Because vs Because Of
Because is an English word that is used to give a reason or a cause of an event or a situation. Sometimes we say because of instead of just because while introducing a reason. This is perfectly OK though there are differences in usage and the contexts in which the two are used. This article attempts to highlight these subtle differences.
Usage of Because
Because is an English word that is one of the ways that we use to express a reason or account of something.
• I am late because it is raining outside
• Helen did not go to school because she was sick
• We had to stop playing football because it was raining
• John found the exam paper easy because he had studied hard
• He caused an accident because he was driving very fast
• He could not work properly because there was a crying infant in the room
It is clear from all these examples that because is a word that provides the reason for events or situations that have been described in these sentences.

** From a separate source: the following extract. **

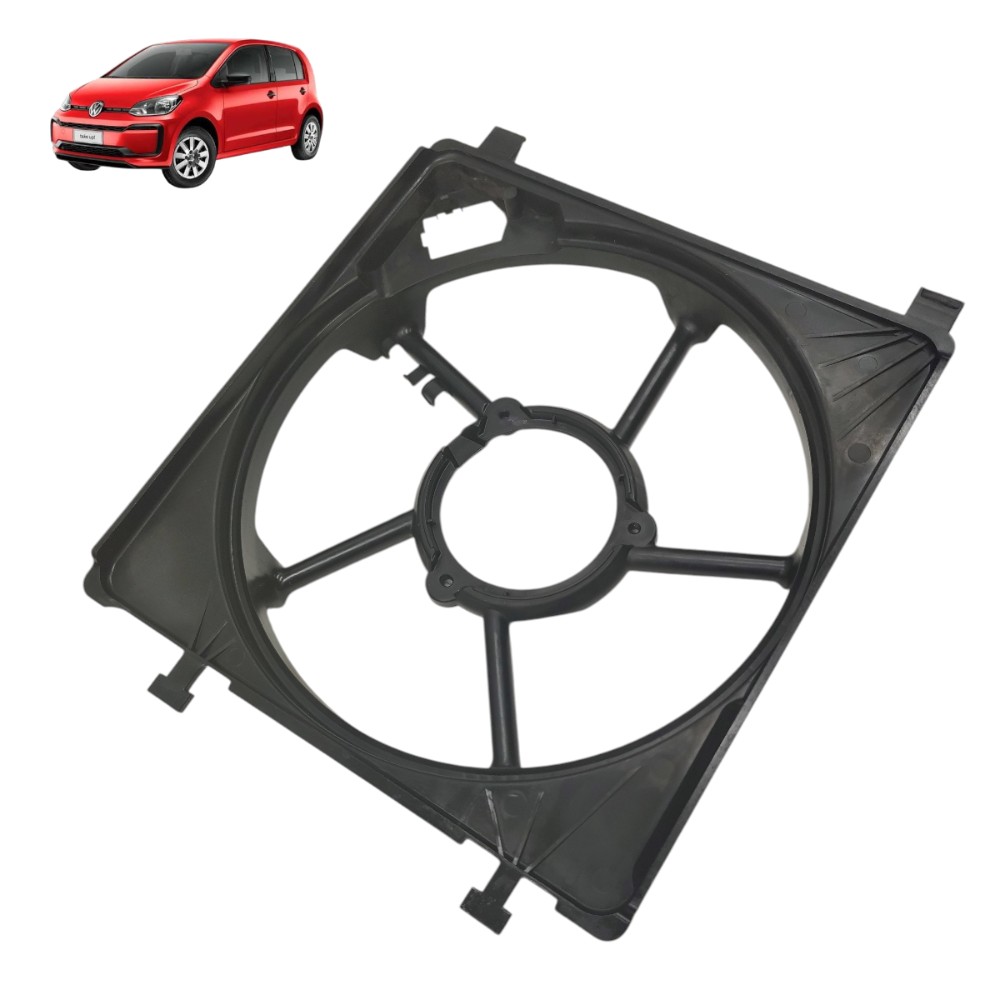 Defletor ventoinha radiador VW up 1.0 mpi 2016 2017 2018 1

If a boy is absent in the class and the teacher wants to know the reason the next day, the boy uses the word because to introduce the reason. In all the sentences described above, because has been used as a conjunction and there are always a verb and a subject that follow because.
Usage of Because of
‘Because of’ is used to give a reason for a happening or an event. It is used as a preposition, and there is always a noun followed by this phrase, and the verb followed is an ‘ing’ verb. Take a look at the following examples.
• Marie’s English is hard to understand because of her accent
• Their family moved to New York because of his work
• The train was late because of foul weather
• I am sorry because of you
• He could not work properly because of the crying infant in the room
What is the difference between Because and Because Of?
• Both because and because of are used to give reasons.
• Because of is a preposition, whereas because is a conjunction.
• Because is followed by a verb and a subject whereas because of is followed by an ing verb and a noun.
• Because is used in place of since and as.
• Because of is used in place of ‘on account of’ and ‘owing to’.